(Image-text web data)
--- START ---

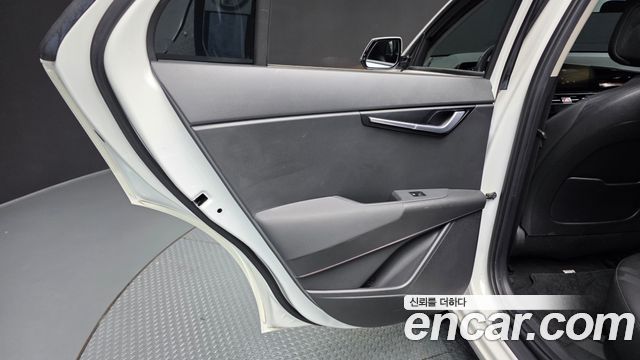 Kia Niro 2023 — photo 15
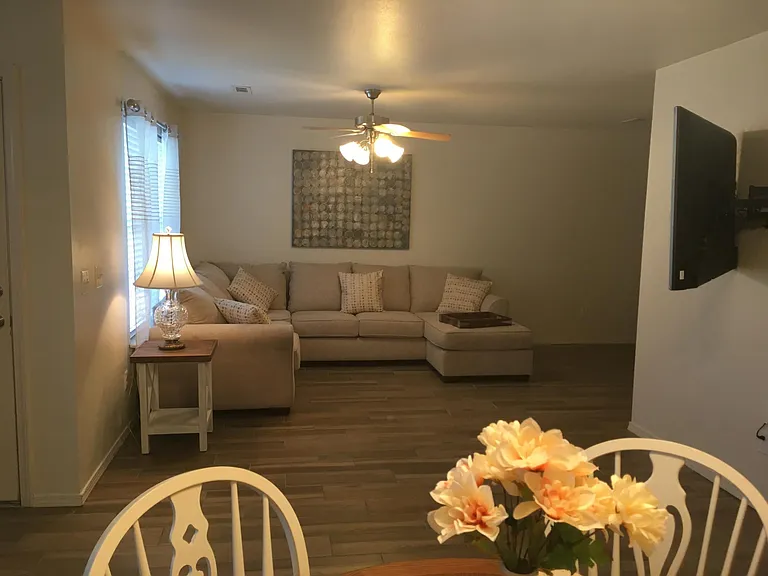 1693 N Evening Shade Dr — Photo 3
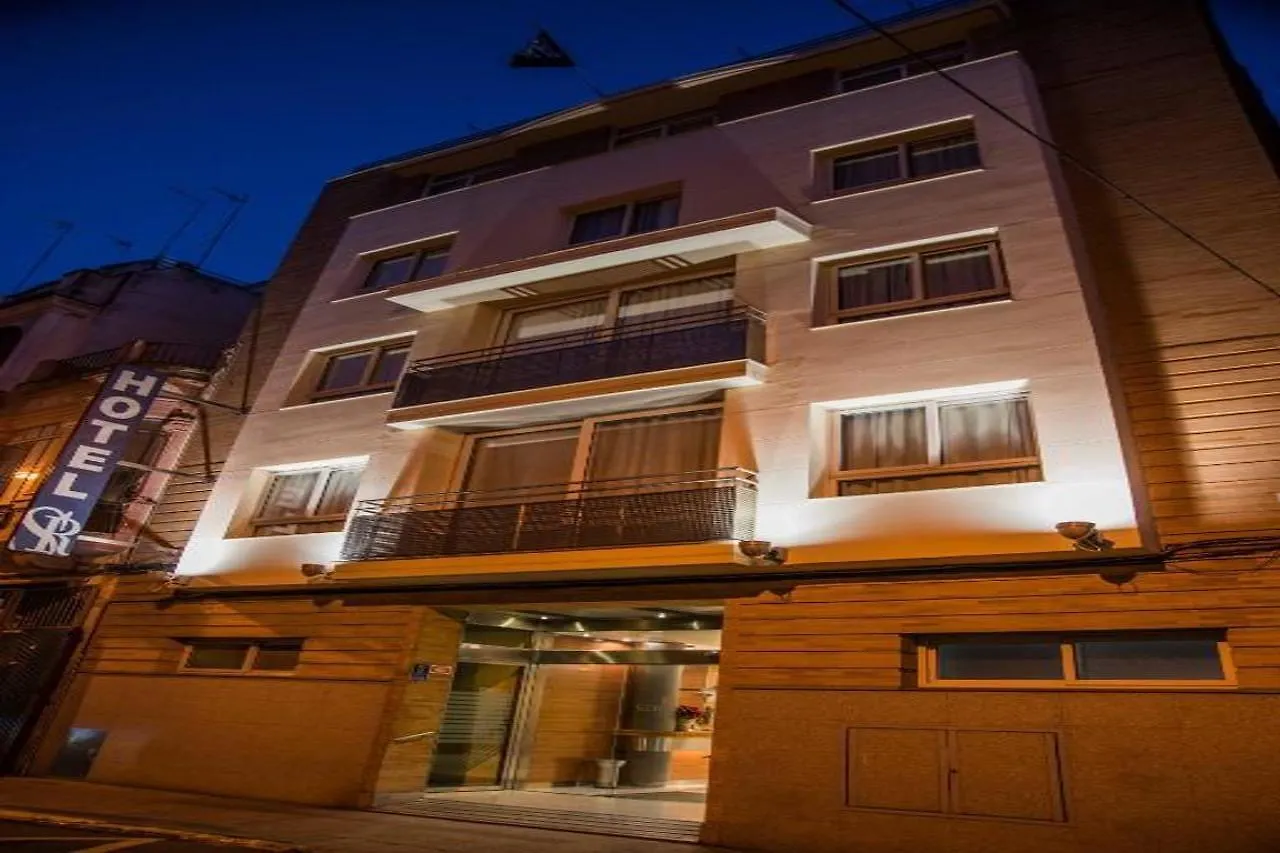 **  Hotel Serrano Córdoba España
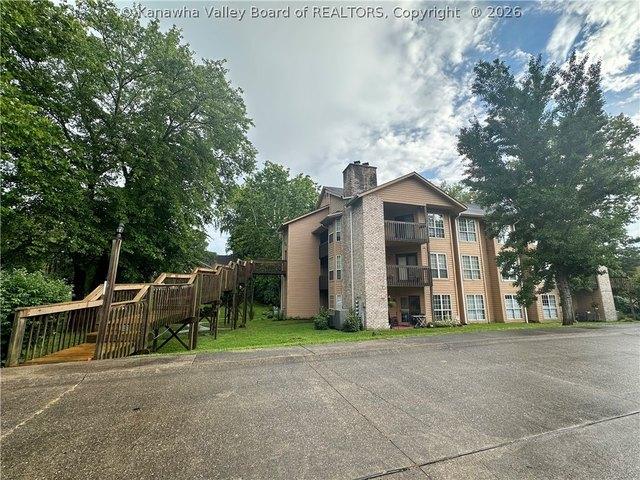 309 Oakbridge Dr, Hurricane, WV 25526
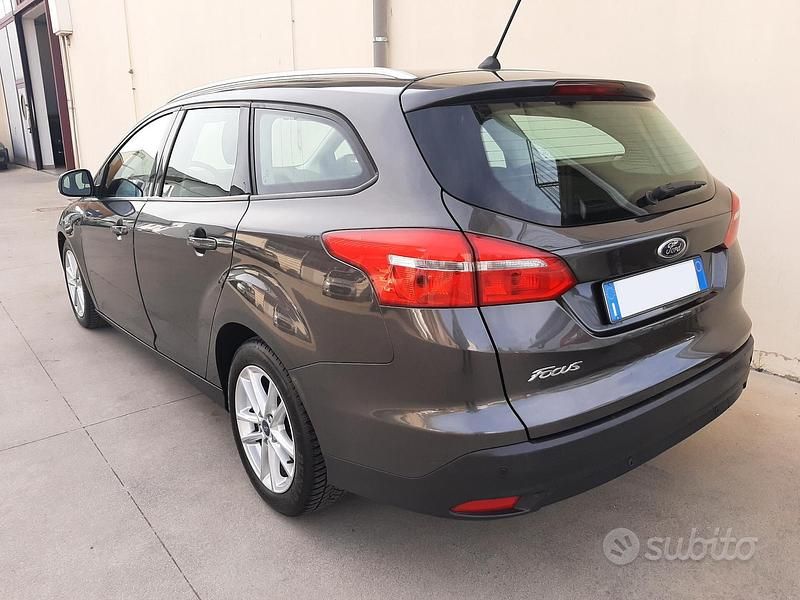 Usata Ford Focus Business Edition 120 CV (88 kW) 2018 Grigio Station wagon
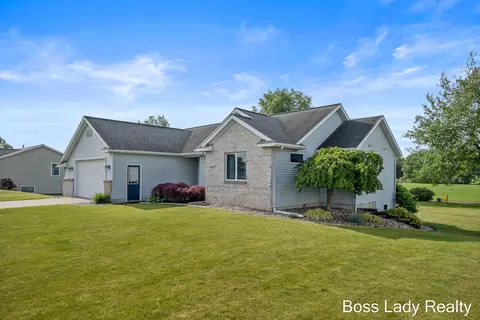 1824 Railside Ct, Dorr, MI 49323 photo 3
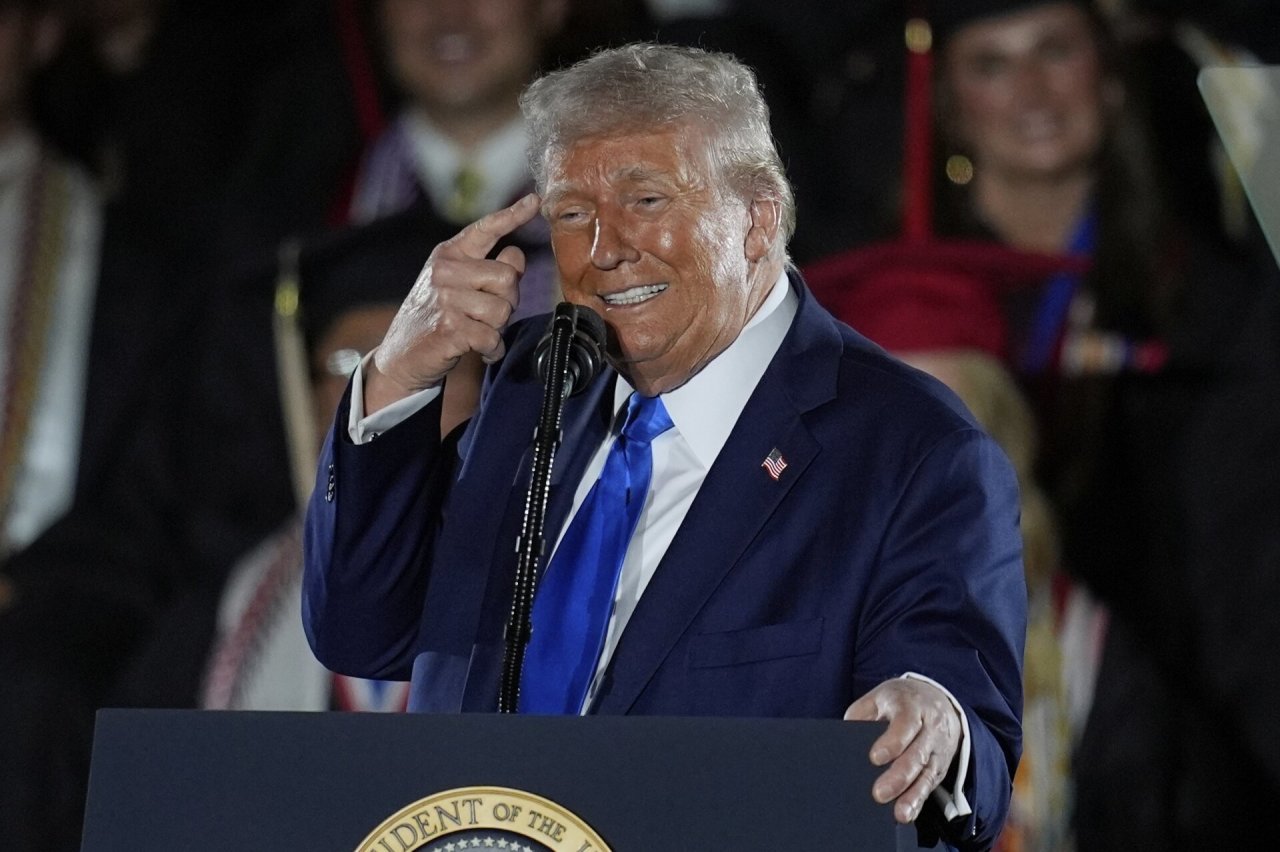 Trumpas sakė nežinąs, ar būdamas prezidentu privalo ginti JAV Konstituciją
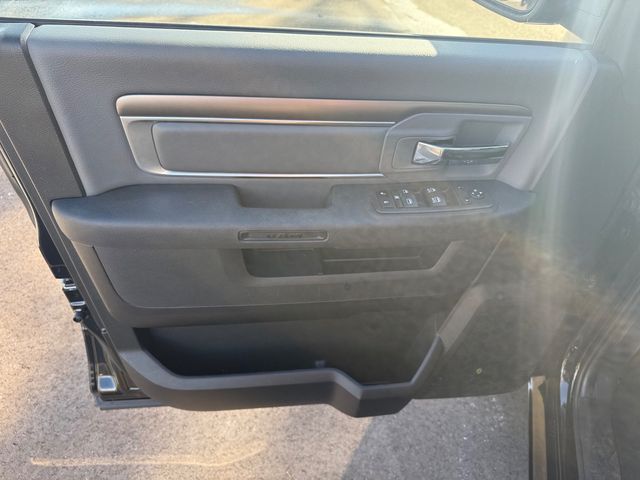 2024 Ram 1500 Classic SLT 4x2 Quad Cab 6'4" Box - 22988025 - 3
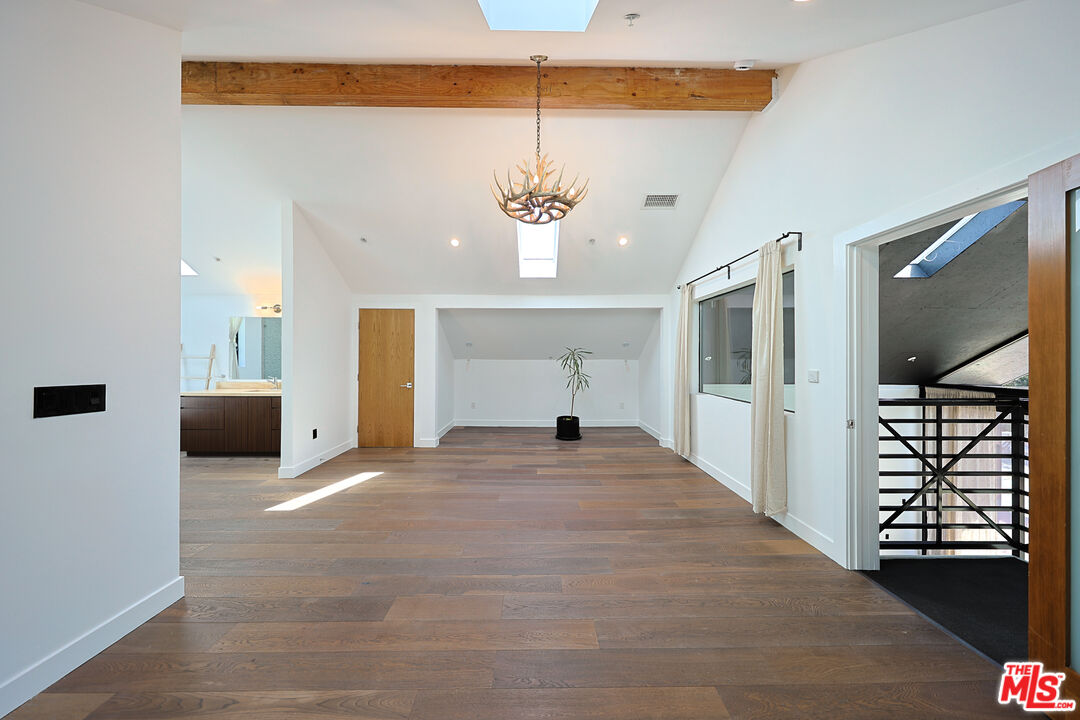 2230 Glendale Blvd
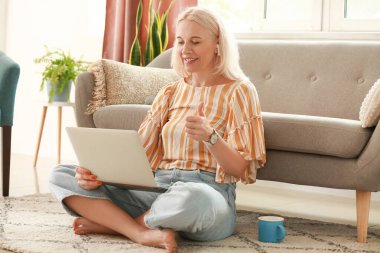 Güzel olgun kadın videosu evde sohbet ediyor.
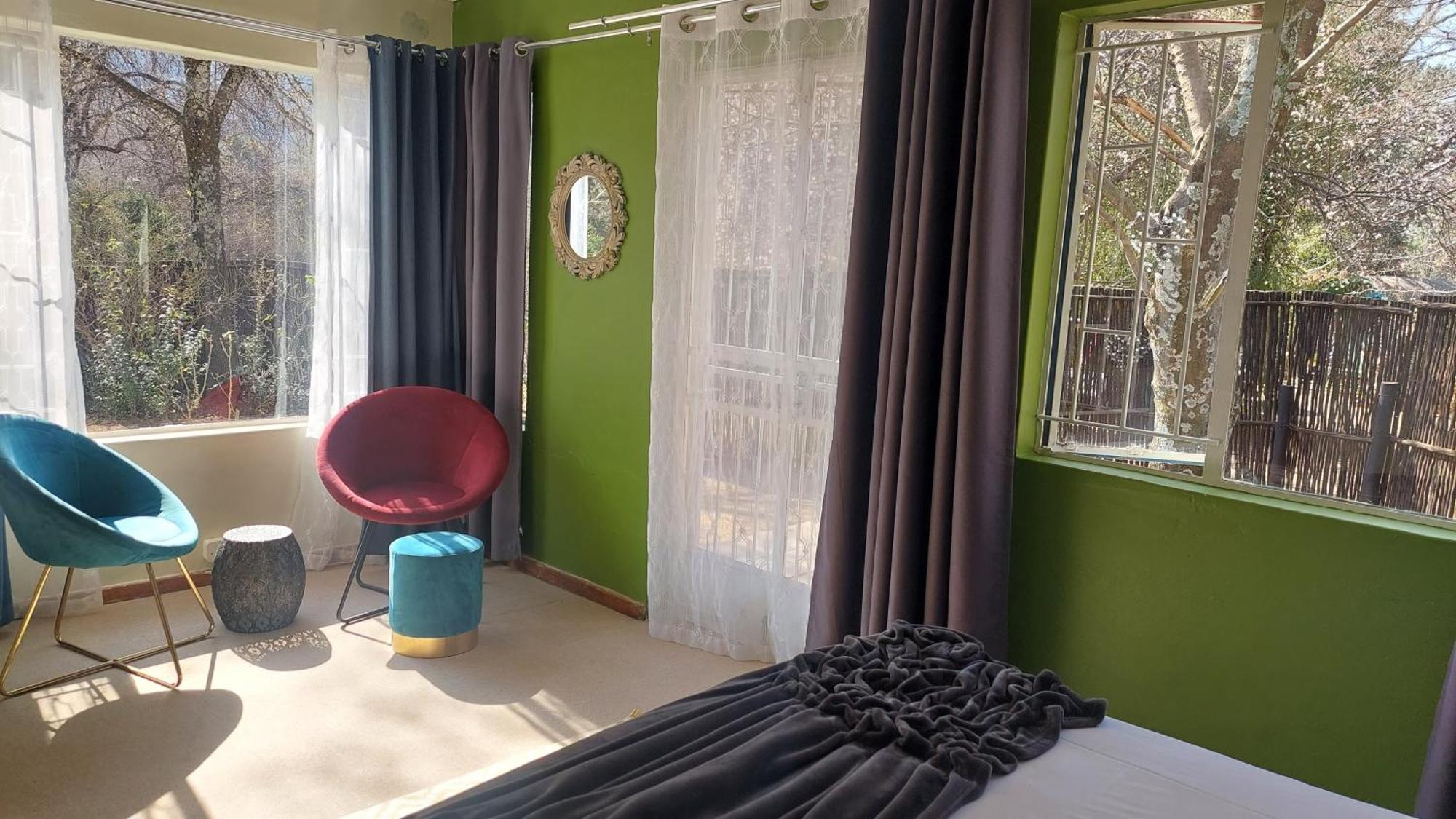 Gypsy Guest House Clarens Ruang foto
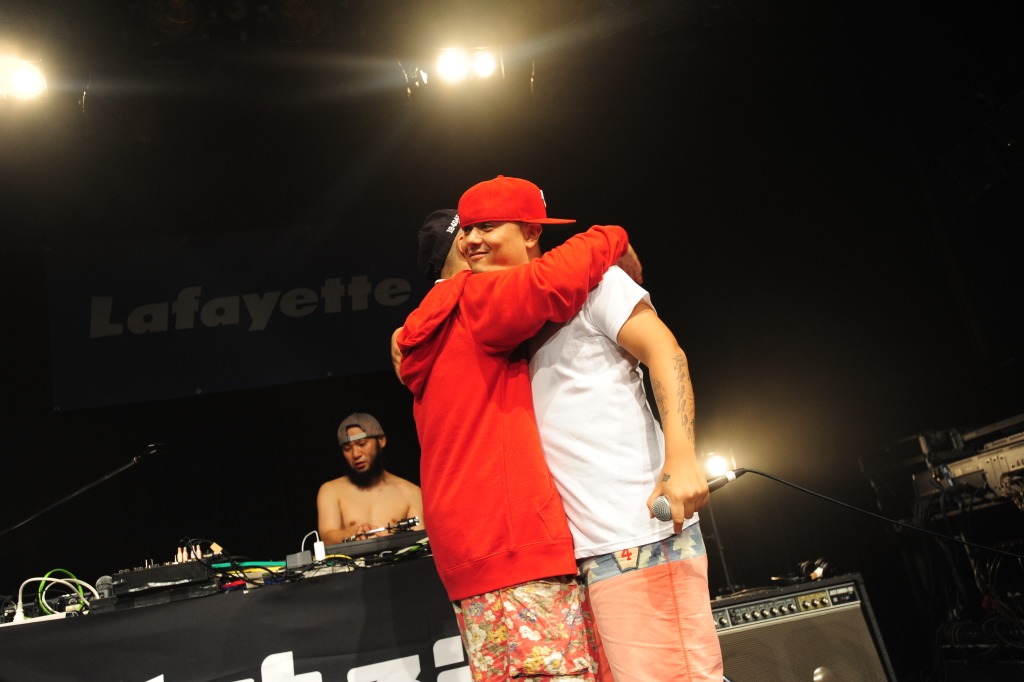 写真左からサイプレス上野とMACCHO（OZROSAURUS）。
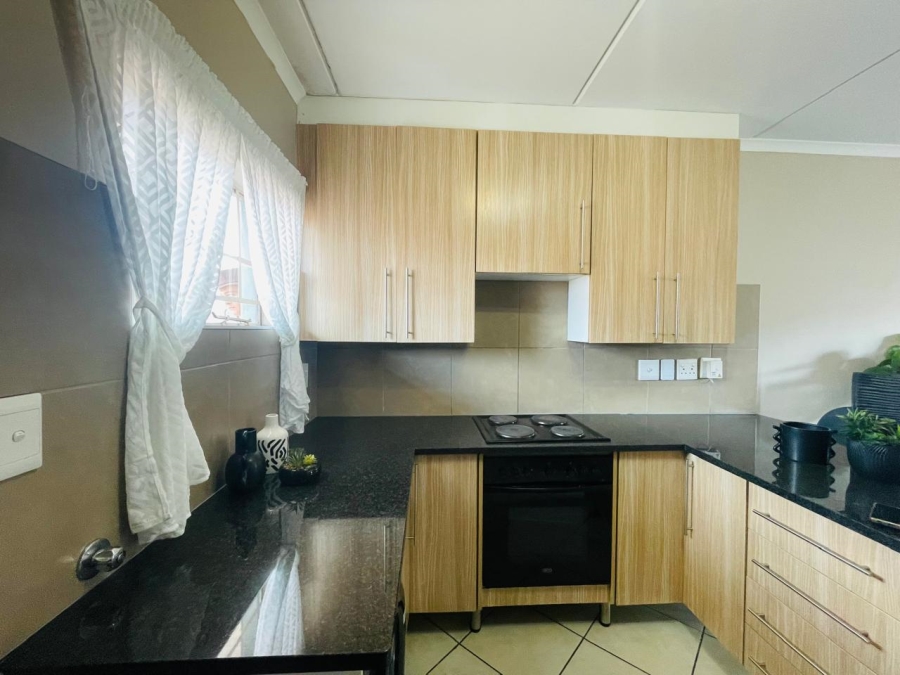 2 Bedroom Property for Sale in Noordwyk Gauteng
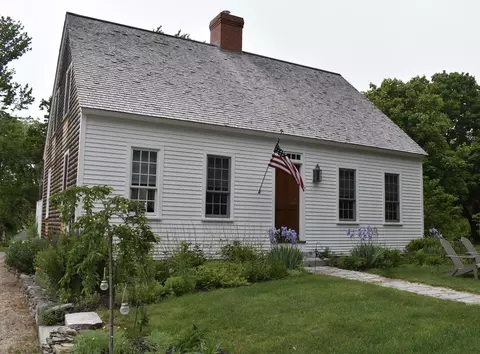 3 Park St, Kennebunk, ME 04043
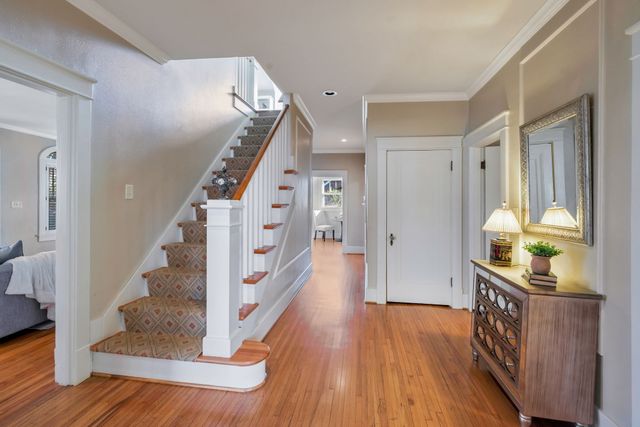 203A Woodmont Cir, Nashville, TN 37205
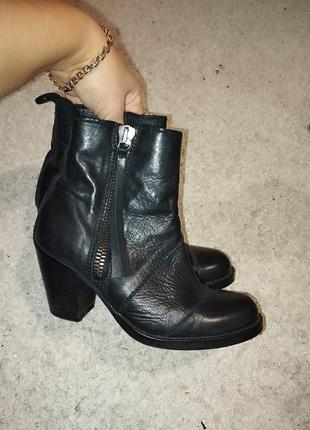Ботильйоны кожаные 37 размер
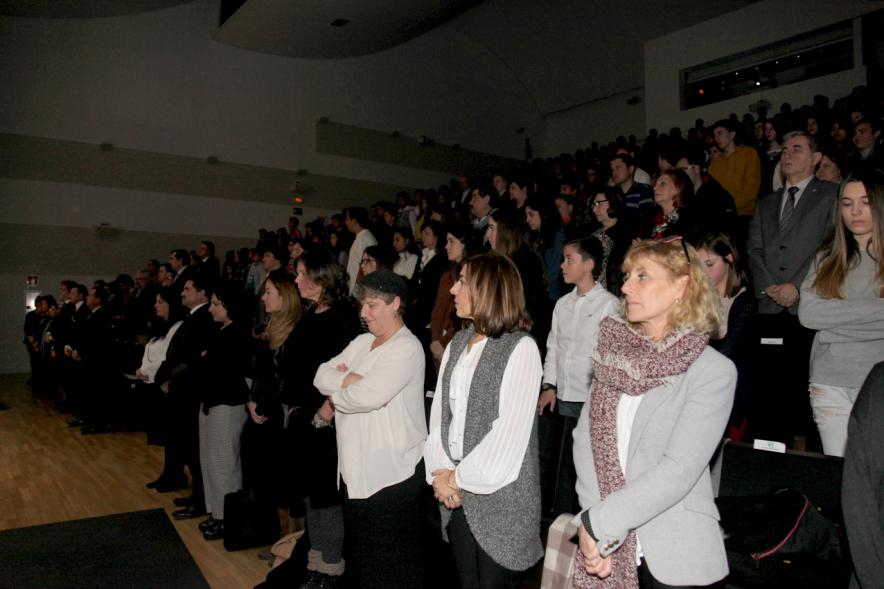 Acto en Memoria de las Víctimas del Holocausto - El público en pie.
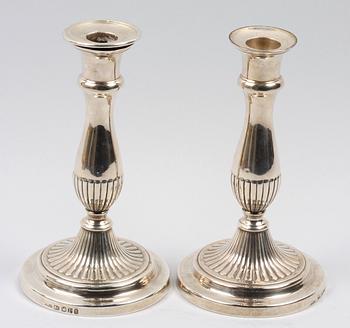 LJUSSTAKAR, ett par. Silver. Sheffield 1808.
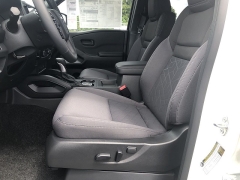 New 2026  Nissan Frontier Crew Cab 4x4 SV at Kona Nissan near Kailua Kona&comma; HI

--- END ---

_TASK BRIEF_
Give back exactly the lines from the one containing "Ботильйоны кожаные 37 размер" to the final line of the entries, both included, and no picture.

_COMPLETED TASK_
Ботильйоны кожаные 37 размер
 Acto en Memoria de las Víctimas del Holocausto - El público en pie.
 LJUSSTAKAR, ett par. Silver. Sheffield 1808.
 New 2026  Nissan Frontier Crew Cab 4x4 SV at Kona Nissan near Kailua Kona&comma; HI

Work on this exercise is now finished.